For once, unequivocally, there was unanimity of Texas and Montana opinion. North or south, panhandle, Gallatin Valley, or waypoints in between, the much cursed, hybrid jackass son of Old Missouri always exercised his brasslined lungs with his shavingbrush tail aimed in one bullheaded direction—skyhigh.

“Well, Ben,” said Stark quietly, “what do you say? Colonel Lamine, in command here, tells me Lieutenant Colonel Carrington is in charge up on the Powder. I know Carrington well. But Lamine says the Bozeman is shut down, airtight, north of the Powder. He said he himself won’t stop me from using the Bozeman as far as Fort Reno, but that beyond that, Carrington’s command takes over.”
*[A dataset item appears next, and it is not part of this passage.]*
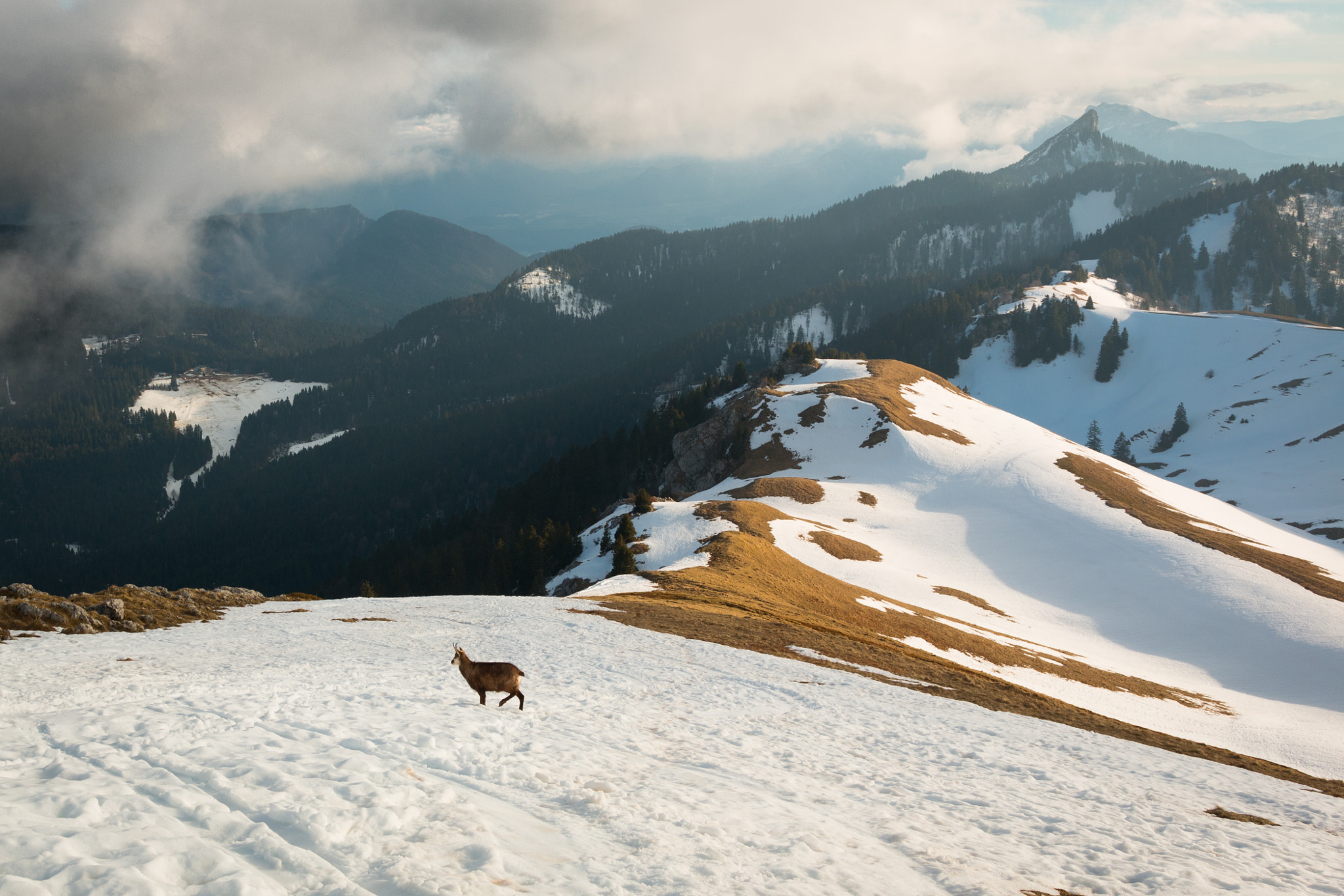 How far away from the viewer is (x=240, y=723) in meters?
13.4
He paused and Ben said, “So—?”

“Lamine showed me Carrington’s orders, right from old General Hancock and the Department of the Missouri Headquarters: positively no civilian traffic across the treaty lands. Ben, I said I knew Carrington—”

“Well?”

“There’ll be no traffic.”

“Thet ringtailed, eh?”

“A martinet, Ben. Garrison officer. Knows nothing about Indians or fighting Indians. Lives by the good book and for him that’s not the Bible. It’s
Field Service Regulations, Opertions. Serial FM 305-58.”

“You’re real sure about that serial number, now?” grinned Ben.

“And the colonel that goes with it,” replied Stark, not smiling. “Ben, I think we’re licked. Maybe for good, north or south, but for the Bozeman, out-and-out.”

“Uh-huh, could be. Where’s this Carrington at right now? How fur north?”

“He’s building a fort just beyond the Powder. Fort Kearney, I think Lamine said. It’s about seventy miles north of Fort Reno, which is right around one hundred and seventy from Laramie. Call it two hundred and forty, all told.”

“Interestin’,” was the total of Ben’s noncimmittal grunt. Then, thoughtfully. “This fort at Kearney about done, you reckon?”

“About. But he’s got Fort C. F. Smith and two more to build yet north of Kearney, to garrison the Bozeman, Lamine tells me, right through to Virginia City. But until they’re all done, nobody but army uses the road.”

“Uh-huh. Well, I reckon we cain’t wait on him and his forts, likely.”

“Nor on the weather,” said Stark uneasily. “Ben, we’re getting into October.”

The big Texan ignored him. “Now, accordin’ to them army maps of yourn, the Bozeman is near three hundred mile shorter than South Pass, and considerable lower. That right?”

“Between two hundred and three hundred miles, yes. Lower by up to four thousand feet in places.”

“And you still aim to take the long way round? And the high? Over South Pass, inter Idaho Territory and back acrost?”

“What else
can
we do, man!”

Ben looked at him, put it into one simple word.

“Fight,”
he said quietly.

Stark missed the softness of the way he said it. His thoughts were his own, and were turning on a phrase that had no place in Nathan Stark’s history—
financial failure. It was as though to lose money were an unclean, indecent thing. As Clint had sourly observed, after watching him haggle for the cattle with the Fort Worth ranchers: “He ain’t got no more morals than a stray dog. I reckon he’d ruther see his sister raped than spend a dollar as wasn’t guaranteed to git him back ten.”